**Task prompt**:
Return the material exactly, first line through the line containing "A penitent performs", and nothing more. Pictures stay out.

====== Data excerpts ======

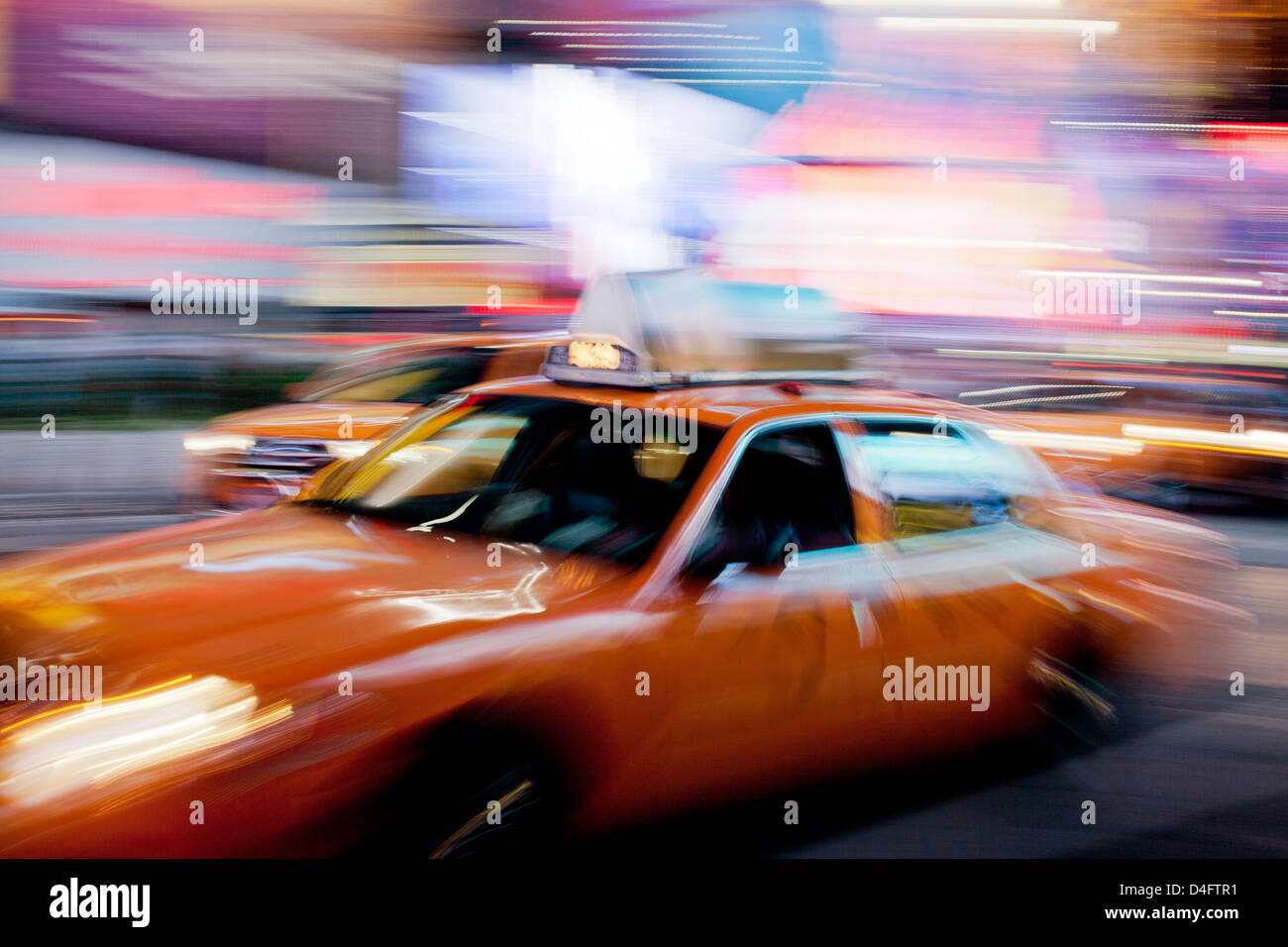 Blurred view of taxi on city street at night Stock Photo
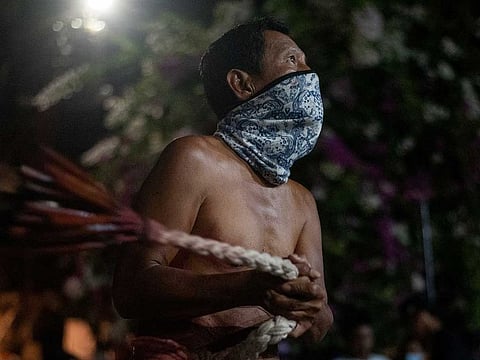A penitent performs self-flagellation outside a church, during Good Friday, in Navotas, Metro Manila, Philippines, April 15, 2022.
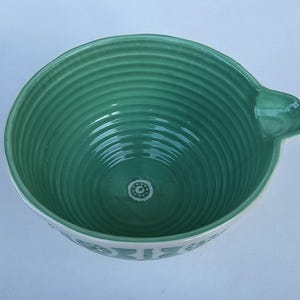 Peut inclure: Un saladier en c&eacute;ramique verte avec un bord blanc et une poign&eacute;e. Le bol a un int&eacute;rieur nervur&eacute; et un motif d&eacute;coratif au fond. Le bord ext&eacute;rieur pr&eacute;sente un motif r&eacute;p&eacute;titif. Le bol mesure environ 23 cm de diam&egrave;tre.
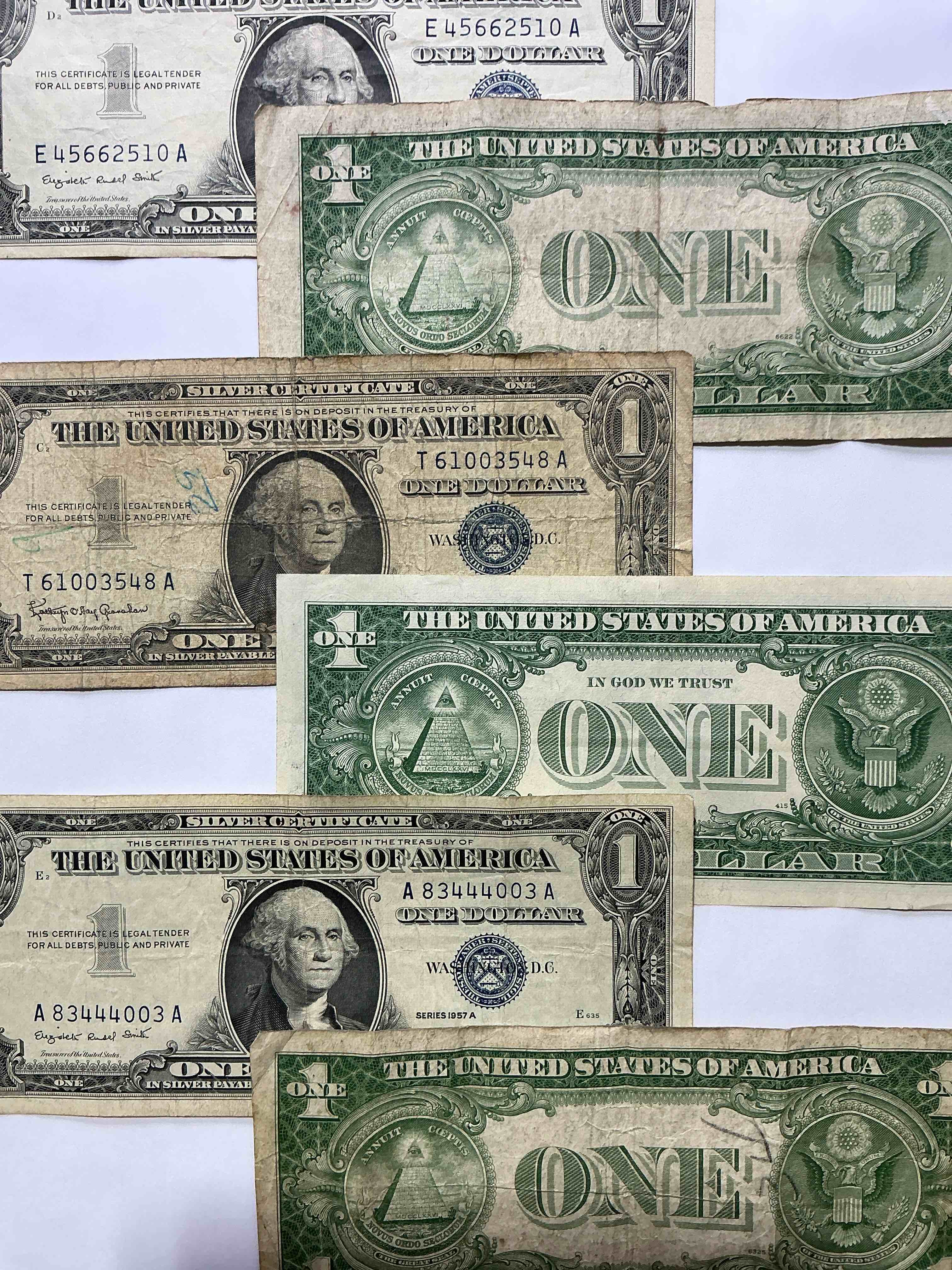 Condition photo showing Good Condition for 1957 silver certificates! did you know that prior to 1964 one dollar u.s. paper money was actually redeemable for silver dollars?! wow how times have changed! silver certificates were produced from 1878 to 1964 & are still considered legal tender at face value. here are gorgeous, circulated 1935 & 1957 u.s. one dollar silver certificate, with highly collectible "blue seal!* own an awesome piece of history!
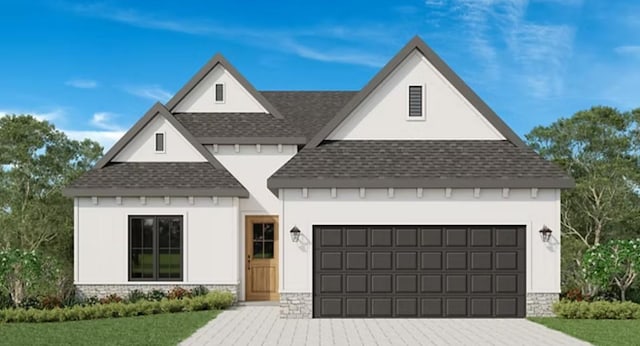 view of front of property featuring a garage, stone siding, a shingled roof, and decorative driveway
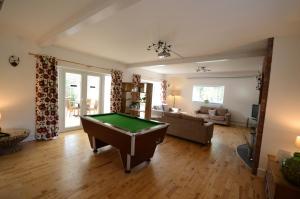 a living room with a pool table in it at Lakeside Old Hunstanton in Hunstanton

======

**Response to the task**:
 Blurred view of taxi on city street at night Stock Photo
A penitent performs self-flagellation outside a church, during Good Friday, in Navotas, Metro Manila, Philippines, April 15, 2022.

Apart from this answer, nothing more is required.